A descoberta de uma carta escrita em 1954, por Einstein, destinada a um alemão chamado Eric Gutkind, foi notícia neste mês de maio (O Globo). A carta estava há 50 anos na posse de um colecionador. Manuscrita em alemão, foi leiloada em Londres por 400 mil dólares, conforme publicou o jornal Tribuna da Imprensa (17/05/2008). De acordo com as notícias, na referida carta Einstein se confessa judeu pela raça e não pela religião e diz que: (i) o povo judeu não é o escolhido de Deus e só se diferencia dos outros povos porque livre do poder, o pior tipo de câncer (ii) a religião judaica e demais religiões encarnam superstições (iii) a Bíblia é uma coleção de lendas primitivas e infantis, embora bem intencionadas (iv) a palavra Deus é a expressão e o produto das fraquezas humanas.

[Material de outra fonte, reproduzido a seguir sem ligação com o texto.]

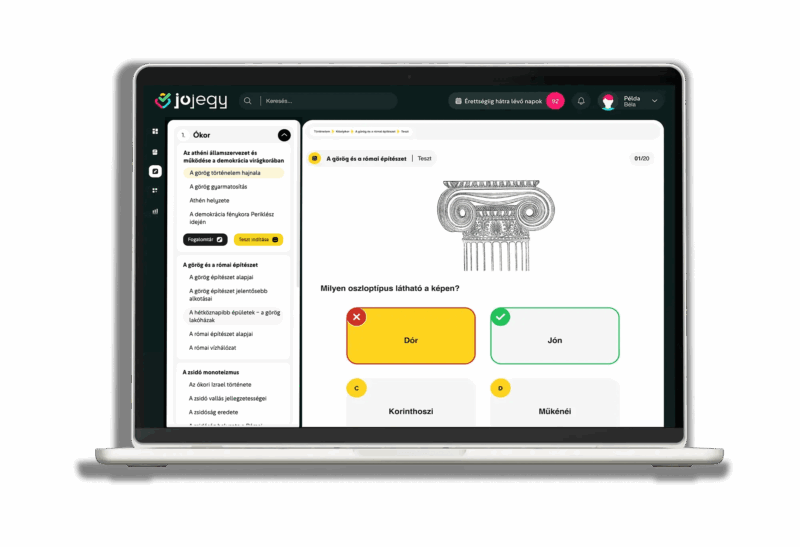 Történelem érettségi felkészítő témazáró teszt Jójegy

O especialista inglês (Universidade de Oxford) diz ignorar a existência da carta. O leiloeiro inglês atesta a autenticidade da carta. O comprador acreditou. Pondere-se que Einstein era autoridade em Física e nada via de excepcional na teoria da relatividade. Cuida-se de teoria do movimento no espaço e no tempo, com base na Física Matemática, segundo a qual, somente o movimento relativo pode ser comprovado e medido (W. Brugger, Dicionário de Filosofia, SP, Pedagógica e Universitária, p.353). No livro “ABC da Relatividade”, B. Russell adverte sobre o equívoco de se universalizar o conceito de relatividade (Rio, Jorge Zahar, 2005, p.29). Einstein não descarta a idéia de movimento absoluto. No seu livro “Como Vejo o Mundo” (Rio, Nova Fronteira), diante das imutáveis leis do universo e da inteligência que delas emana, ele sente a necessidade lógica da existência de Deus. Para ele, o universo é uma ordenação inteligente onde o acaso não tem lugar. Daí, a metáfora do jogo de dados. Carta de Einstein para Max Born: “Você acredita num Deus que joga dados e eu, em lei e ordem absolutas” (Ian Stewart, Será que Deus Joga Dados? Rio, Jorge Zahar, 1991, p.7). Referindo-se à nova matemática do caos, Ian Stewart assim se expressa: “Estamos começando a descobrir que sistemas que obedecem a leis imutáveis e precisas nem sempre atuam de formas previsíveis e regulares (...) A questão não é tanto se Deus joga dados, mas como ele o faz” (p.8).
Quanto à religião, a posição de Einstein identifica-se com a dos pensadores deístas que se manifestam, desde o século XVI, na Inglaterra e Alemanha. Para esses pensadores, Deus cria o universo, nele projeta sua inteligência e não mais interfere. Já para os pensadores teístas, Deus cria e se mantém ligado ao universo, nele interferindo mediante a providência. Afigura-se trivial a assertiva de que a fraqueza humana seja um dos componentes da crença em Deus. Desde prístinas eras, as religiões exploram essa fraqueza, lidam com a metafísica, com o mundo da fantasia e com a fé cega. O medo e a ignorância se tornaram os pilares da religião, fortalecidos pelo clericalismo. A opinião de Einstein mostra-se correta. A Bíblia é mesmo uma coleção de contos da carochinha. Segundo Thomas Hobbes (1588-1648) os livros atribuídos a Moisés foram escritos por um erudito judeu de nome Esdras, por volta do ano 400 AC. Declarando que os originais haviam sido queimados, Esdras pede a Deus que o inspire a reescrever os livros (Leviatán, Madri, Editora Nacional, 1979, p.453). Percebe-se, dos livros bíblicos, inclusive do que leva o nome de Esdras, a intenção de obter a obediência de um povo rude e licencioso, ameaçando-o com a cólera divina. No livro “O Evangelho da Irmandade”, o personagem Zenon refere-se a esse episódio (A S Lima, Resende, RTN Editora, 2007, p.127).